North Korea aims to complete nuclear development by end-2017: ex-diplomat

North Korean leader Kim Jong-un aims to complete the country’s development of nuclear weapons by the end of 2017 in time for leadership transitions in Seoul and Washington, a former North Korean diplomat said Tuesday.

Thae Yong-ho, who was the No. 2 official at Pyongyang’s Embassy in London, held his first news conference since Seoul revealed his arrival here in August. With the time frame, Kim is currently on the path toward nuclear development and will never abandon the program, even in return for 10 trillion won ($8.5 billion), he said.

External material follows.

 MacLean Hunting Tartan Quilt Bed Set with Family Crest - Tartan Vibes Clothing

“North Korea sees the end of 2017 as the best time on the calculation that the US and South Korea would be unable to take physical, military steps to halt its nuclear development because of their own internal political events, the presidential election and government transitions,” Thae said.

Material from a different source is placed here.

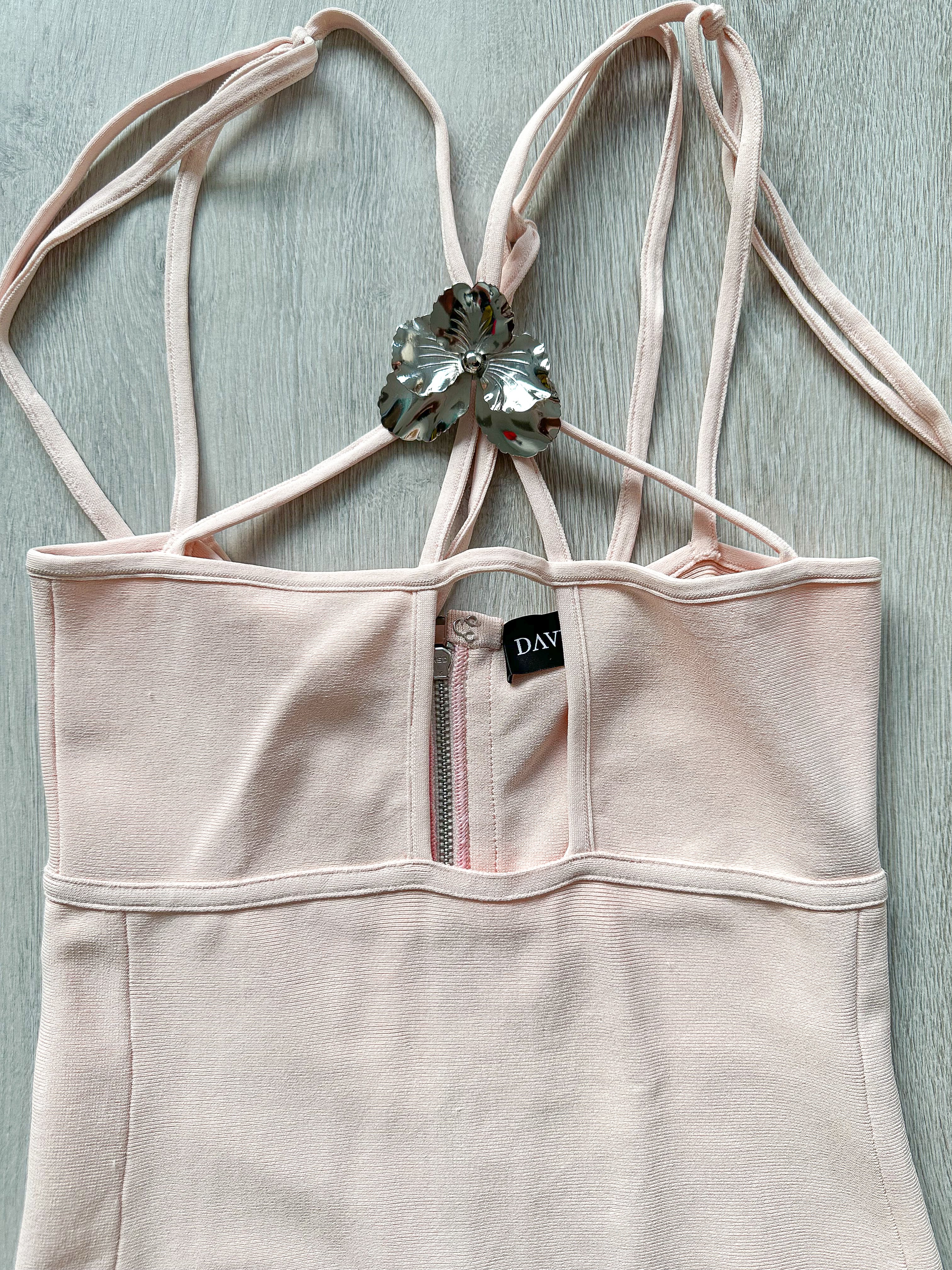 DAVID KOMA Flower Embellished Strappy Pink Mini Dress - House Of Huntington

“How and whether to make Kim give up the nuclear program now is not about the incentive and its quality and quantity. As long as he rules, North Korea will never ever give up nuclear weapons even in return for $1 trillion or $10 trillion.”

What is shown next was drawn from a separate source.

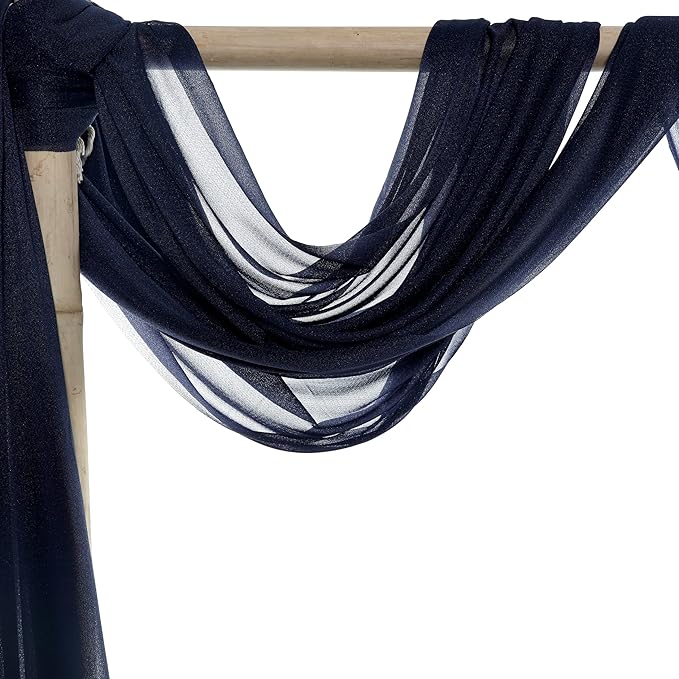 VDS Pack of 3 Panel Wedding Arch Draping Fabric Sheer Chiffon Fabric Drapery - Image 5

Thae deems Kim’s parallel pursuit of nuclear and economic development — known as the byongjin line — to be a cover for its essential nuclear priority, saying the economic part was added only to “deceive” the people and the world.

After achieving bombs, the regime will likely attempt to restart talks with the new administrations in Seoul and Washington to acquire their recognition of the North as a nuclear state, he noted.

“From the North Korean point of view, there are two weak spots in the liberal democratic system. First, any new government in the US and the South, whether it is conservative or progressive, will try a fresh approach to the North, and second, with a government change, there will be a change in the people who drive the North Korea policy,” Thae said.

“With the incoming governments, the North will seek to be accepted as a nuclear state, proposing a moratorium in the nuclear program in exchange for a lifting of sanctions and a freeze of South Korea-US joint military drills.”

Thae, who served in countries including Denmark and Sweden, harbored the desire to flee to the affluent, democratic South while accessing outside information relatively freely as a diplomat.

He was adamant that the Kim dynasty has “no future” and that its instability will only deepen in the face of the young ruler’s unabated reign of terror, international sanctions and the influx of South Korean culture.

“The Kim regime may look solid on the surface but it’s decaying inside,” Thae said.

“Many North Korean people including the elites like myself are living an opportunistic life — they chant hail to Kim Jong-un during the daytime and watch South Korean films and dramas at night, under blankets.”

He also called for fellow countrymen to escape the oppressive homeland and lauded other defectors as “unification fighters and slave liberators,” vowing to work for the two nations’ reintegration.

“North Koreans, Kim Jong-un will collapse like a wet wall when you stand up and protest against him,” he said. “Let’s live freely in a unified country, not live in fears. … It’s your chance to proudly tell your children in the future that you cut the chain of slavery.”